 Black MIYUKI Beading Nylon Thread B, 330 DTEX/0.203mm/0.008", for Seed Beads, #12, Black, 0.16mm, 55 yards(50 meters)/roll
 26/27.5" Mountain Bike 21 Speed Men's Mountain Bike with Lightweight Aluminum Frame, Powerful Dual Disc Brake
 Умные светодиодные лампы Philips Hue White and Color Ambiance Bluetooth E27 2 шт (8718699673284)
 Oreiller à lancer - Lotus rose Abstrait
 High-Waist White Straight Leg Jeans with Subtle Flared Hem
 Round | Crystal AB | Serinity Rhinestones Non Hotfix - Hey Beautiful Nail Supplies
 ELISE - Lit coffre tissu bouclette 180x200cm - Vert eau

==

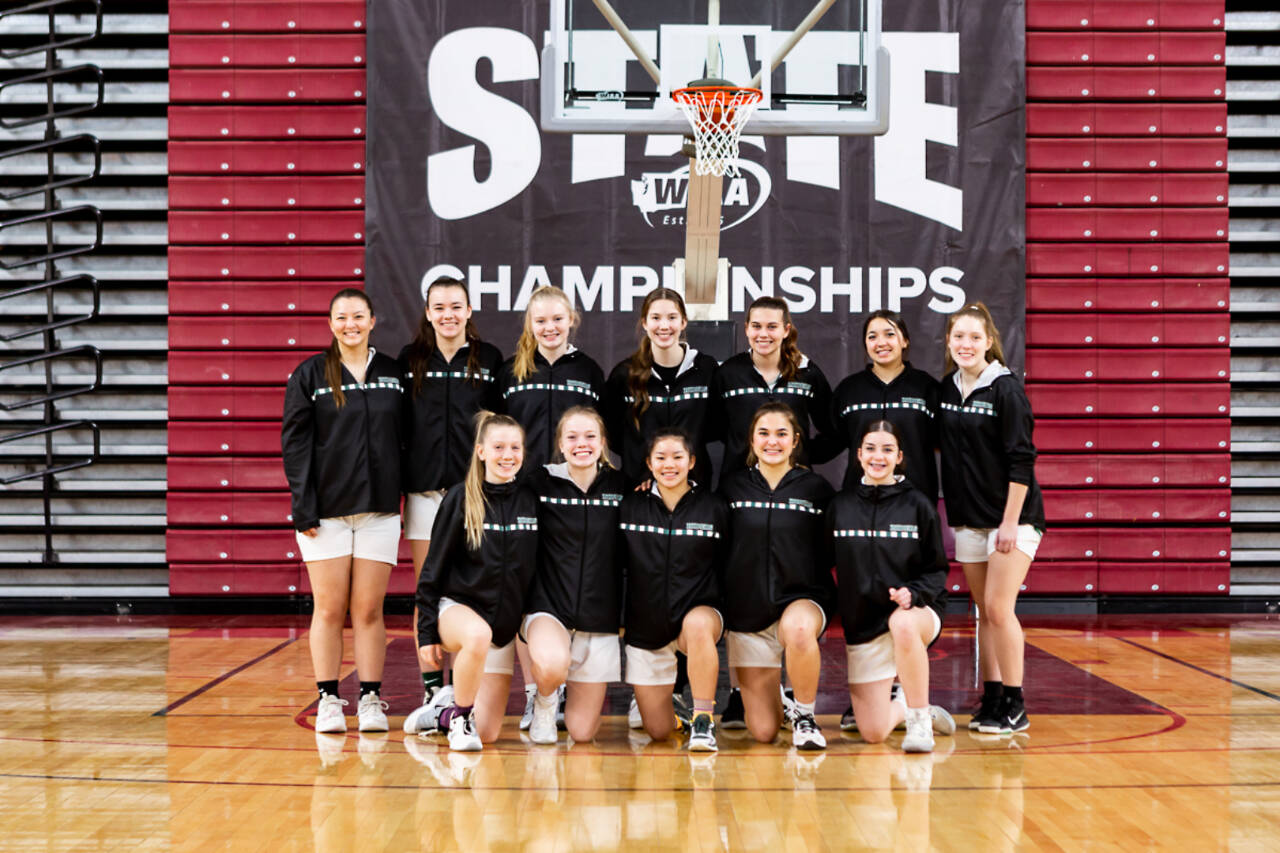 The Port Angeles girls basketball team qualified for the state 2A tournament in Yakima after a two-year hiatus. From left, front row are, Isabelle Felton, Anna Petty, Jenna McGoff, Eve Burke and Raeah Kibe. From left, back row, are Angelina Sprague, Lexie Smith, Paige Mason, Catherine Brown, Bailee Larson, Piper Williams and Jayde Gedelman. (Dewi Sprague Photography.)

§ Exercise brief: Print, from the entries above, the line with "Dual Disc Brake", the line with "ELISE - Lit" and all lines between them, exactly and with nothing else.

§ Output of the task:
 26/27.5" Mountain Bike 21 Speed Men's Mountain Bike with Lightweight Aluminum Frame, Powerful Dual Disc Brake
 Умные светодиодные лампы Philips Hue White and Color Ambiance Bluetooth E27 2 шт (8718699673284)
 Oreiller à lancer - Lotus rose Abstrait
 High-Waist White Straight Leg Jeans with Subtle Flared Hem
 Round | Crystal AB | Serinity Rhinestones Non Hotfix - Hey Beautiful Nail Supplies
 ELISE - Lit coffre tissu bouclette 180x200cm - Vert eau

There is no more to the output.